My VLC player on my home network may open up port 8000 and 8001 locally on my PC, but the firewall in my router has no idea this happened (there are rare exceptions to this). So the VLC player says “hey, camera out there on the internet, just send video to me on port 8000”, but that isn’t going to work because my external firewall will filter out those packets.
To solve this issue, we have RTSP over TCP.
RTSP over TCP lets the client initiate all the connections, and the camera then sends data back through those connections. Most firewalls have no issue accepting data via a connection as long as it was initiated from the inside (UDP hole punching takes advantage of this). RTSP over HTTP is an additional layer to handle hysterical system admins that only tolerate “safe” HTTP traffic through their firewalls.
So, is that the only reason to use TCP?
Well… Hopefully, you know that UDP is non-ack; the sender has no idea if the client received the packet or not. This is useful for broad- and multicasting where getting acks would be impossible. So the server is happily spamming the network, not a care in the world if the packets make it or not.
TCP has ack and retransmission; in other words, the sender knows if the receiver is getting the data and will re-transmit if packets were dropped.
Now, imagine that we have two people sitting in a quiet meeting room, one of them reads a page of text to the other. The guy reading is the camera and the guy listening is the recorder (or VLC player).

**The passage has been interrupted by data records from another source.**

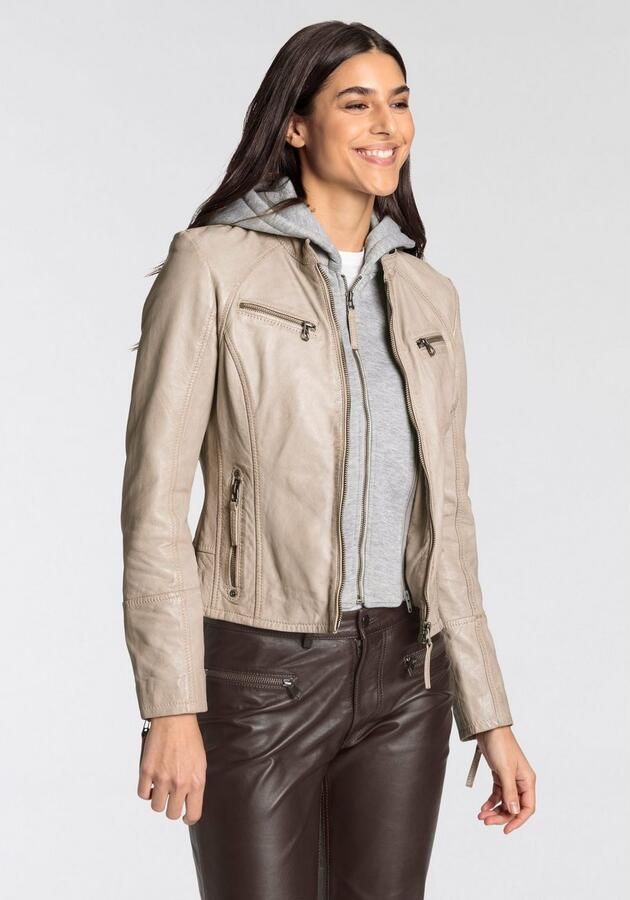 Mauritius Leren jack NOLA Two-in-one stijl met een afneembare jerseycapuchon - Foto 5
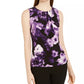 Calvin Klein Women's Floral Print Sleeveless Top Black Size X-Large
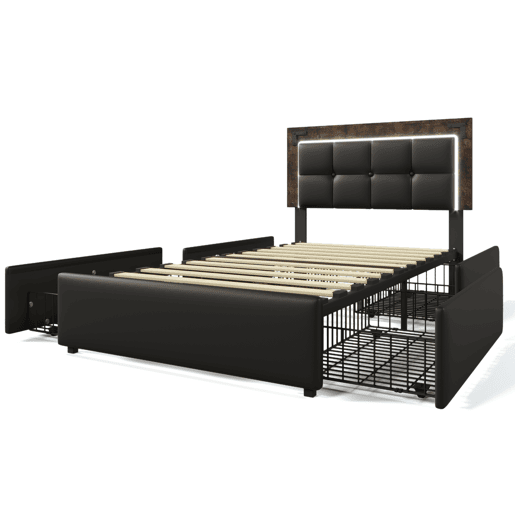 Cama de solteiro de poliuretano 90x200cm com 4 gavetas e luz LED,preto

So the reader starts reading “It was the best __ times, it was ___ worst of times“, and since this is UDP, the listener is not allowed to say “can you repeat that“. Instead, the listener simply has to make do. Since there’s not a lot of entropy in the message, we can make sense of the text even if we drop a few words here and there.

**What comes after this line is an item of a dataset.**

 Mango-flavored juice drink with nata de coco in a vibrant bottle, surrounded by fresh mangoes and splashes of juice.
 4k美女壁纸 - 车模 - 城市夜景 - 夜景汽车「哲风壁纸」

But imagine we have 10 people reading at the same time. Will the listener be able to make sense of what is being said? What about 100 readers? While this is a simplified model, this is what happens when you run every camera on UDP.
Using TCP, you kinda have the listener going “got it, got it, got it” as the reader works his way down the page. If the room is quiet, the listener will rarely have to say “can you repeat that”. In other words, the transmission will be just as fast as UDP.
If you have 10 readers, and some of them are not getting the “got it” message, they may decide to scale back a bit and read a bit more slowly. In the end, though, the listener will have a verbatim copy of what was being read, even if there are 1000 readers.
Modern video codecs are extremely efficiently encoded, h.264 and h.265 throw away almost everything that is not needed (and then some). This means that if you drop packets the impact is much greater, without those missing packets all you get is a gray blur because that is all that the receiver heard when 100 idiots were yelling on top of each other.
So TCP solves the firewall issue, and in a “quiet” environment it is just as efficient as UDP. In a noisy environment, it will slow things down because of retransmissions, but is that not a lot better than to get a blurry mess? Would it not be better if the cameras were able to adjust their settings if the receiver can’t keep up? Isn’t it better than just spewing a huge amount of HD video packets into the void, never to be seen?
In my opinion, for IP surveillance installations, you should pick RTSP over TCP, and only switch to UDP if you don’t care about losing video.
As an experiment, I set up my phone to blast UDP packets to my server to determine the packet loss on LTE. Assuming it would be massive. Turns out that LTE actually has retransmission of packets on the radio layer (at least for data packets), I don’t know if it does the same for voice data.
The difference may be academic for a lot of installations as the network is actually pretty quiet, but for large/poorly architected solutions it may make a real difference.